User Edit Pencil Streamline Icon: https://streamlinehq.com
Authors (6)
  1. Xue Yang (141 papers)
  2. Junchi Yan (241 papers)
  3. Wenlong Liao (18 papers)
  4. Xiaokang Yang (207 papers)
  5. Jin Tang (139 papers)
  6. Tao He (62 papers)
Citations (239)

Summary

Overview of "SCRDet++: Detecting Small, Cluttered and Rotated Objects via Instance-Level Feature Denoising and Rotation Loss Smoothing"

The paper "SCRDet++" tackles the challenges of detecting small, cluttered, and rotated objects in complex images, such as aerial imagery, through innovative strategies in object detection. The authors introduce SCRDet++, an enhanced version of their original SCRDet framework, which integrates instance-level feature denoising (InLD) and an IoU-Smooth L1 loss function for rotation detection.

Core Innovations

The paper presents two primary contributions that address significant challenges in object detection:

  1. Instance-Level Feature Denoising (InLD): This module is designed to tackle the difficulties posed by non-object noise, inter-class feature coupling, and intra-class boundary blurring. By enriching feature maps through denoising, InLD decouples features into respective channels while amplifying object features and reducing background interference. The implementation of InLD serves as a robust mechanism to enhance detection abilities, especially beneficial for small and densely packed objects seen in datasets like DOTA and DIOR.
  2. IoU-Smooth L1 Loss: To handle the boundary problem inherent to the rotation detection of objects, the paper introduces a novel loss function. By incorporating an IoU-based coefficient, this loss function addresses the discontinuities caused by the angular periodicity and edge exchangeability, enabling more accurate rotation predictions. This approach utilizes both direct and indirect regression strategies to mitigate boundary-related regression challenges.

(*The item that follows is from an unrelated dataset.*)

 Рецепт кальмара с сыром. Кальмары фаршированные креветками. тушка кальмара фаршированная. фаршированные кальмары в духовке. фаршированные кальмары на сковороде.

Performance and Experiments

The paper provides extensive experimental results across several datasets, including DOTA, DIOR, COCO, and newly introduced S2TLD, confirming the efficacy of SCRDet++. Quantitative metrics indicate substantial improvements over established baselines. For example, on the DOTA dataset's Oriented Bounding Box (OBB) task, SCRDet++ achieved significant gains, demonstrating its capabilities in handling complex scenes with diverse object orientations. The experiments also reveal that InLD notably boosts the detection performance even with the removal of image-level denoising (ImLD), signifying the module's effectiveness in complex scenarios.

Implications and Future Directions

The research presented in this paper extends the landscape of object detection by addressing fundamental issues of scale, clutter, and orientation. Practically, the improvements shown by SCRDet++ may translate into more accurate and reliable applications in remote sensing, autonomous vehicles, and urban monitoring systems where small and rotated object detection is critical.

Theoretically, the concepts of feature map denoising and customized loss functions for orientation pose new avenues for improving neural network robustness and accuracy in object detection tasks. Future research might explore the integration of these methods into broader applications, potentially focusing on deploying these techniques in real-time systems and exploring further optimizations for computational efficiency.

In conclusion, SCRDet++ exemplifies a significant advancement in the domain of object detection, particularly for complex imagery, by utilizing innovative denoising techniques and refined loss functions. The enhancements proposed by the authors pave the way for future research aimed at overcoming the multifaceted challenges inherent in visual recognition tasks.